Up until six months ago the shop was corporate-owned. It was then that Jim Brust, a 31-year auto body shop owner from Tyler, bought the shop and began implementing big changes.
"When this was a corporate store they bought very little in town," Brust said. "Now that it's locally-owned we changed companies to buy local."
Photo by Phillip Bock
Abra owner Jim Brust switched from using solvent auto paint to a more environmentally-friendly, water-based paint. Marshall’s Abra is the first in the state to make the switch.
One of the first items on his list was paint. Under Abra ownership, paint was purchased in large batches with other Abra shops in southwest Minnesota from companies in the cities. When Brust took over, his goal was to buy local. Solvent based paint, the main polluter at body shops, was the first to go.
"They're bad for the environment,"Brust said. "It's not good for the workers, it's not good for the town, it's not good for anything."
Switching to a local dealer and using water-based paint instead of solvent based cut down volatile emissions by up to 80 percent, he said. Water-based paint is also used by most car manufactures, Brust said, and the switch will allow Abra to color-match manufacture paints more closely than solvent based paints.

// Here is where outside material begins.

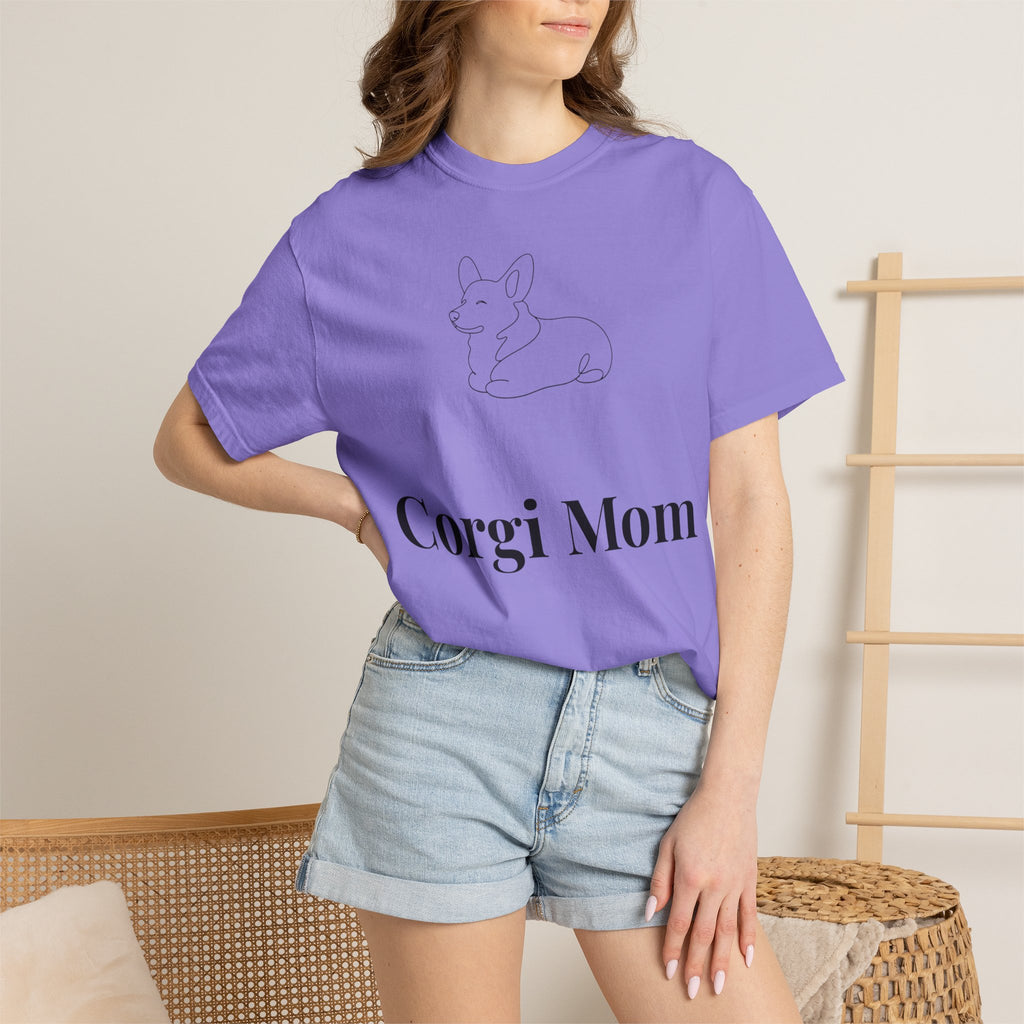 Corgi Mom Shirt — Minimalist Dog Mom Tee — Corgi Lover Gift — Premium Cotton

Due to the pollutants given off, solvent based car paints have been outlawed in Canada and most of California, he said, and a recent law in Wisconsin mandates that all body shops switch to water based paints by 2012.
"We expect Minnesota to put a law on the books pretty soon," Brust said.
Abra has one full time painter, John Thomsen, who was supportive of the switch to water-based paints.
"It sprays a lot different than the older paint," Thomsen said. "It's a more sensitive product but it works great as long as you know what you're doing."
The paint, called Envirobase, costs slightly more than solvent based paints, Brust said, but Abra does not pass the additional costs on to the consumer or insurance companies.
As an advantage, water based paint usually dries considerably faster then solvent based paints. Abra uses a baking booth to facilitate the drying of the paint, Thomsen said, while most body shops in the area use air-drying.
"We're able to paint a part in the morning, bake it till it's thoroughly cured, and install it the same day," Thomsen said. "It's possible to paint it and send it out the door on the same day. With air drying, you usually want to keep it overnight."
Brust said Abra is the first in Marshall to switch to water based paints and that he has been happy with the results.
"We want to be sensitive to the environment," he said. "We're trying to do our part."